[DATA TO PROCESS]

-*-

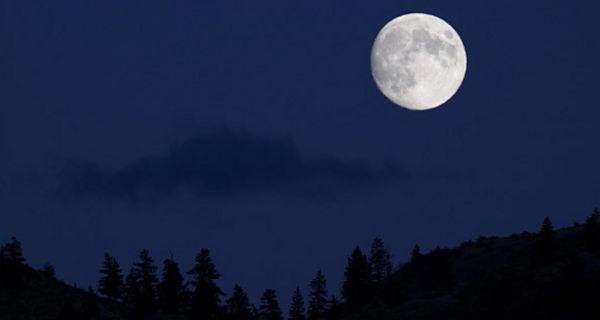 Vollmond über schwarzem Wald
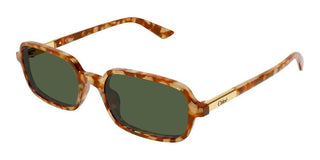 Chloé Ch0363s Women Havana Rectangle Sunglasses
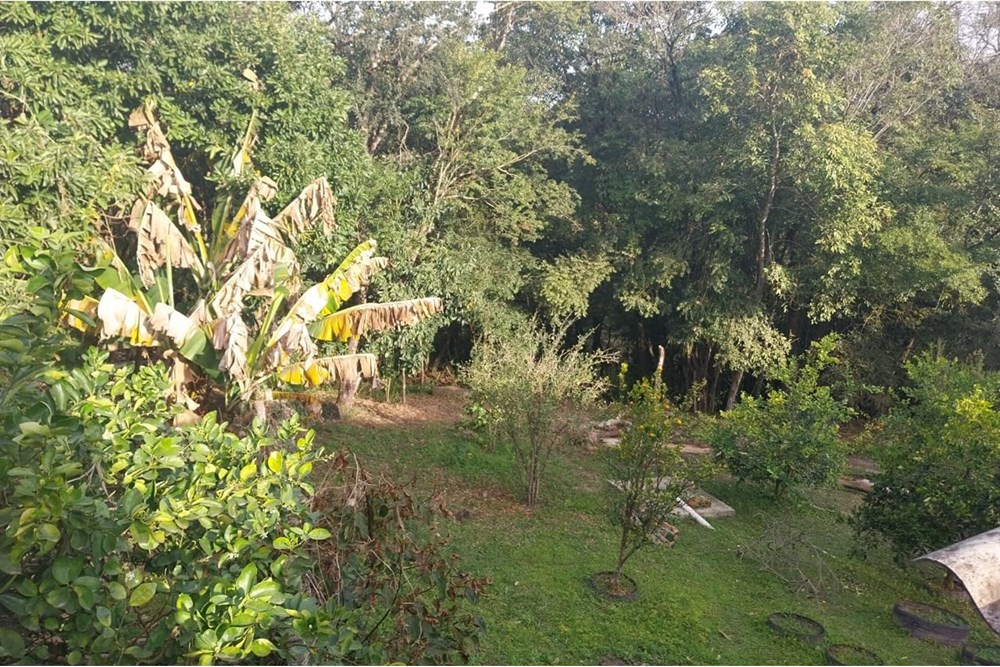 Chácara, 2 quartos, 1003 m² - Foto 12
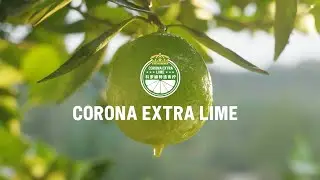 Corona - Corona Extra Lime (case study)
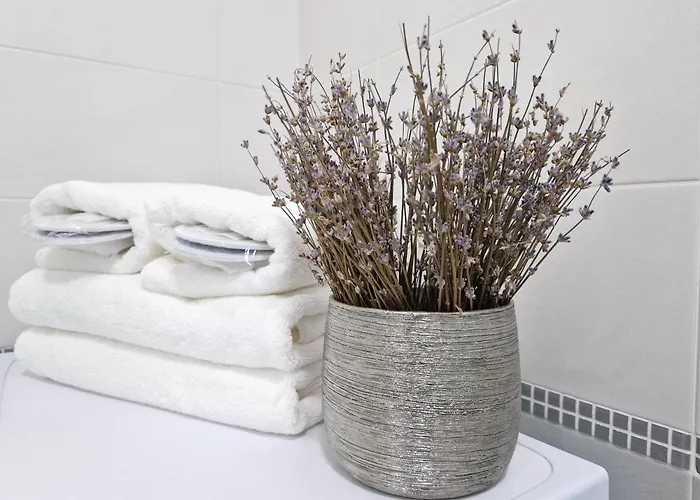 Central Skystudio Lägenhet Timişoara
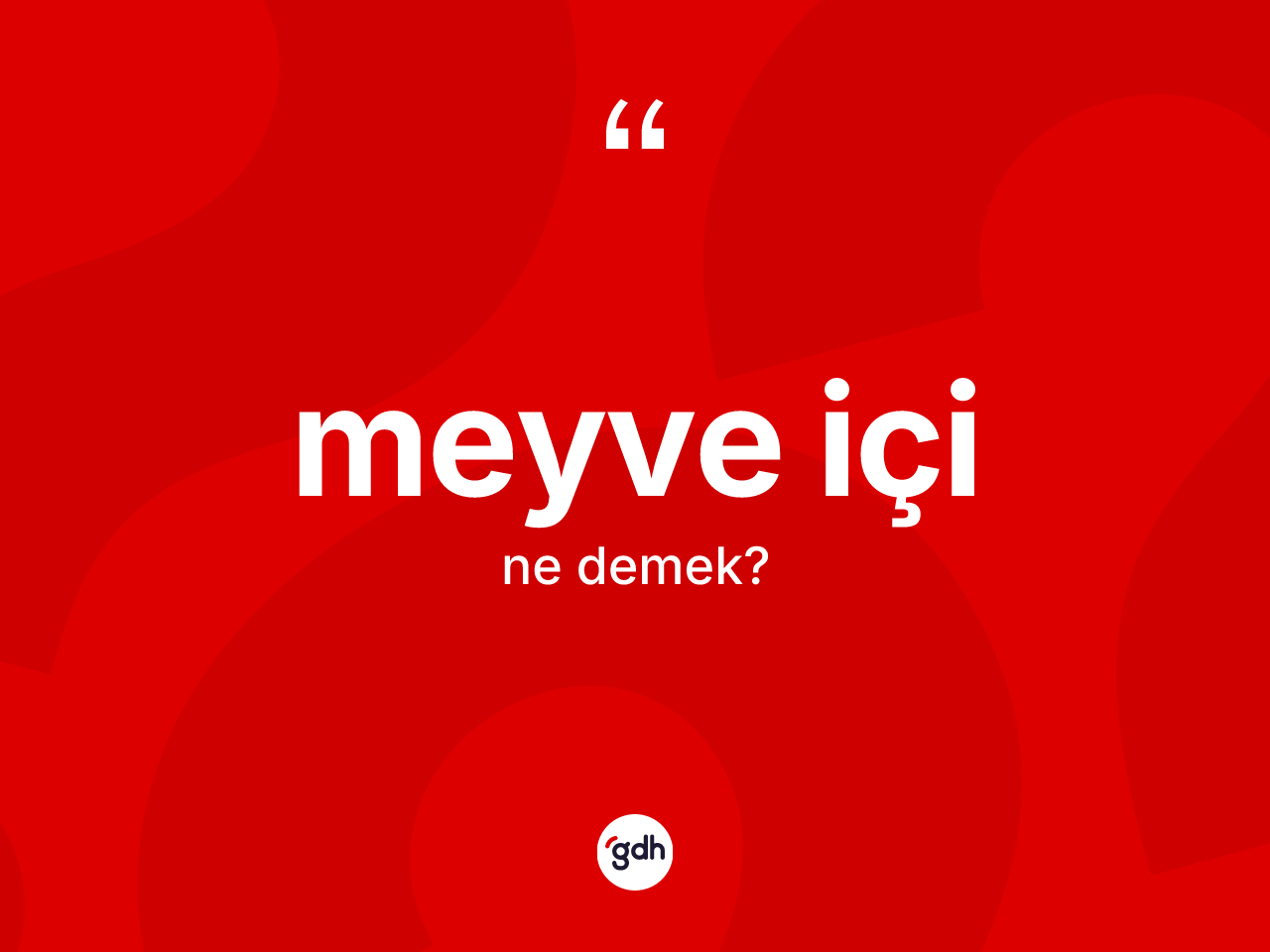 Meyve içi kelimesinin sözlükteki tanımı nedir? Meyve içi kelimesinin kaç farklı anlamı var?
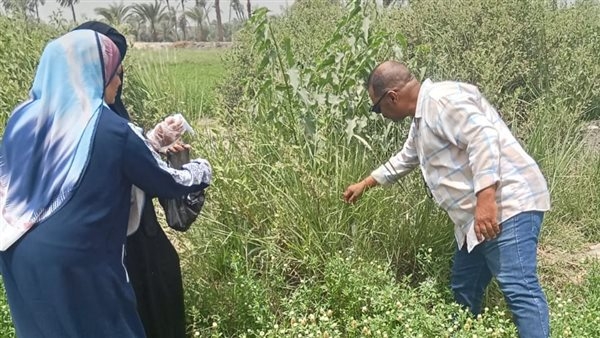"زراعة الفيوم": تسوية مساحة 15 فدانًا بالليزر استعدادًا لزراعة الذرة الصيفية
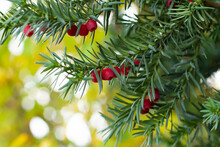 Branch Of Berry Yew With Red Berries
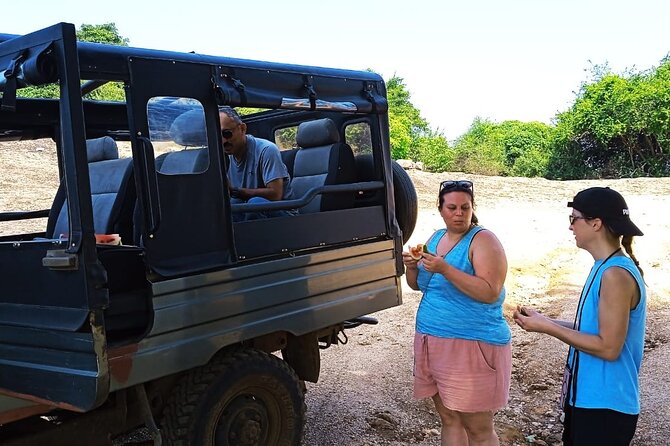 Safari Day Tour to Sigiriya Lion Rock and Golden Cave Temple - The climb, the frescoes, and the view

-*-

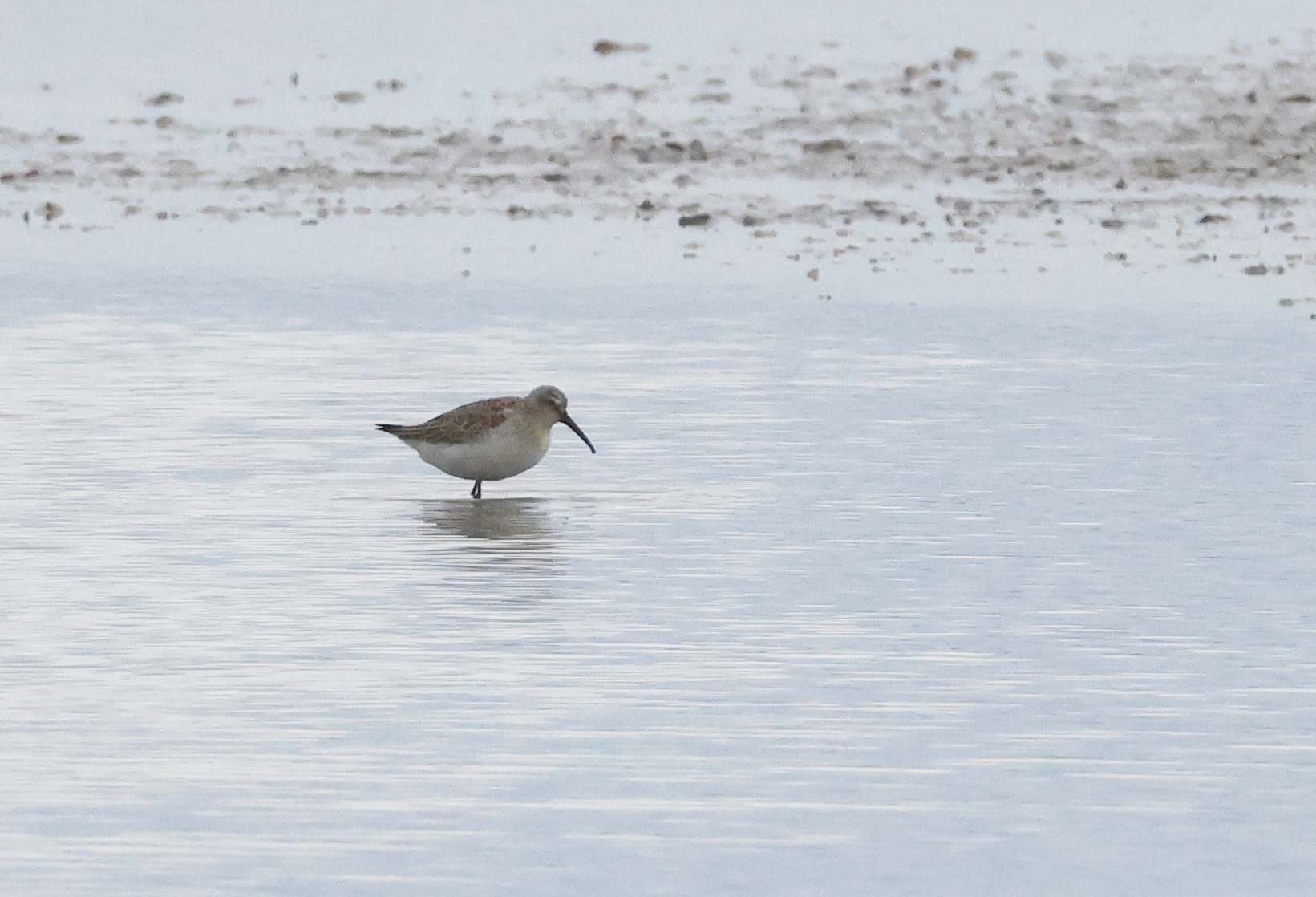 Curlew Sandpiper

-*-

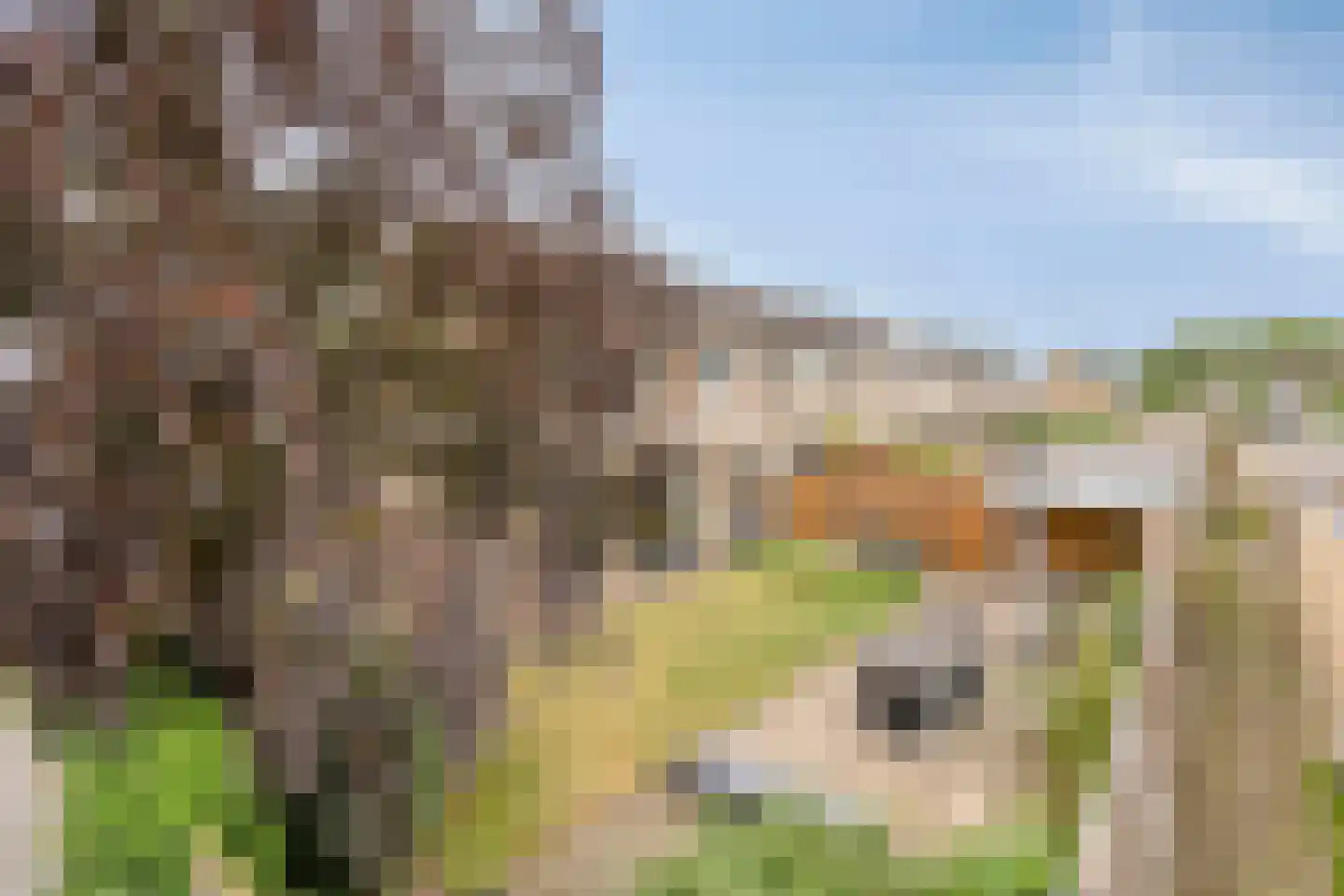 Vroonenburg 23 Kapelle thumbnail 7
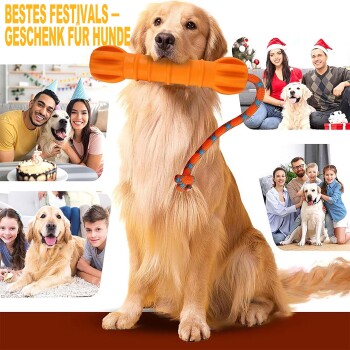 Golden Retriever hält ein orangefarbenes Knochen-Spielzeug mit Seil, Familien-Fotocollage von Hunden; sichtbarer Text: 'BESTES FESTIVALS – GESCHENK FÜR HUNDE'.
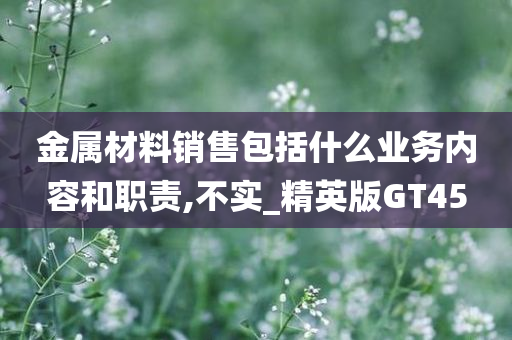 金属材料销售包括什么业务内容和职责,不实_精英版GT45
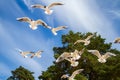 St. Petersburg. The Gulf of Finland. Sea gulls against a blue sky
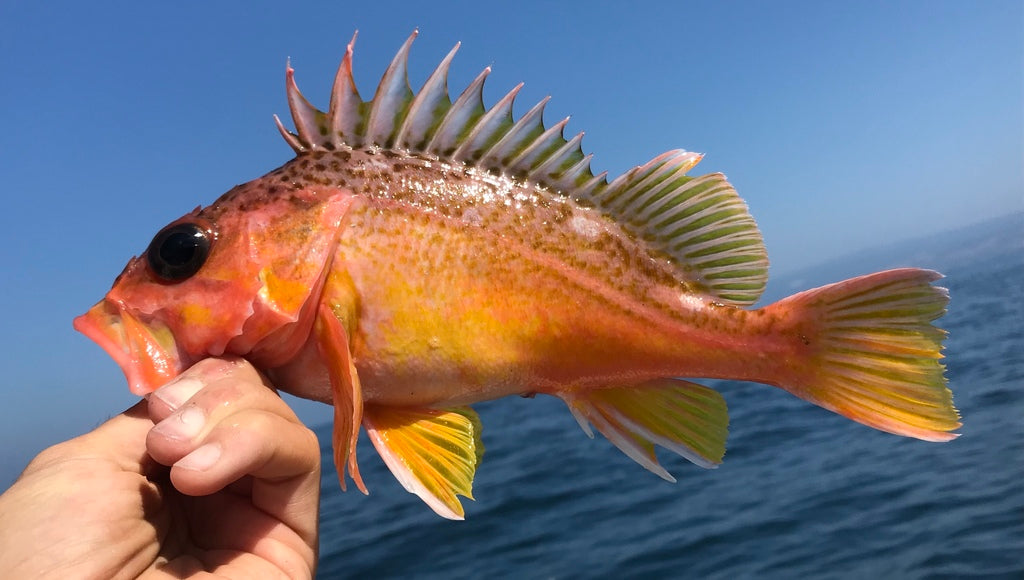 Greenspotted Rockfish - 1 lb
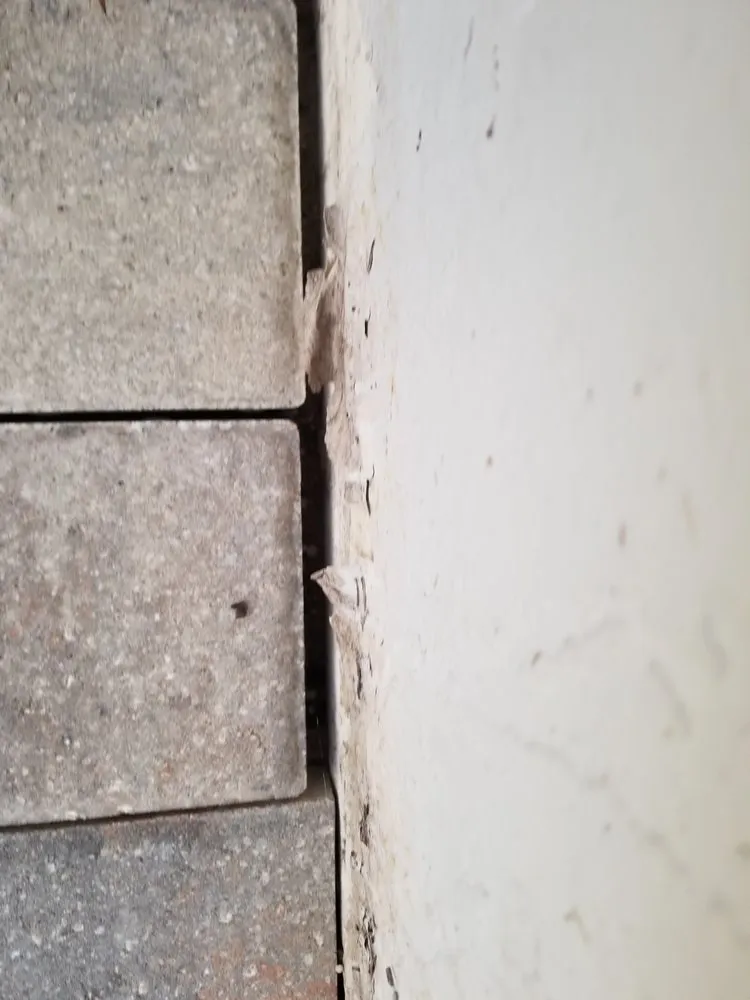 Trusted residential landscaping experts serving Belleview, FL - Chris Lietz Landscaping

-*-

[EXERCISE DETAILS] Using the entries above, transcribe every line from the line containing "Greenspotted Rockfish - 1 lb" through the line containing "Trusted residential landscaping". Do not copy pictures.

[EXERCISE RESPONSE]
 Greenspotted Rockfish - 1 lb
 Trusted residential landscaping experts serving Belleview, FL - Chris Lietz Landscaping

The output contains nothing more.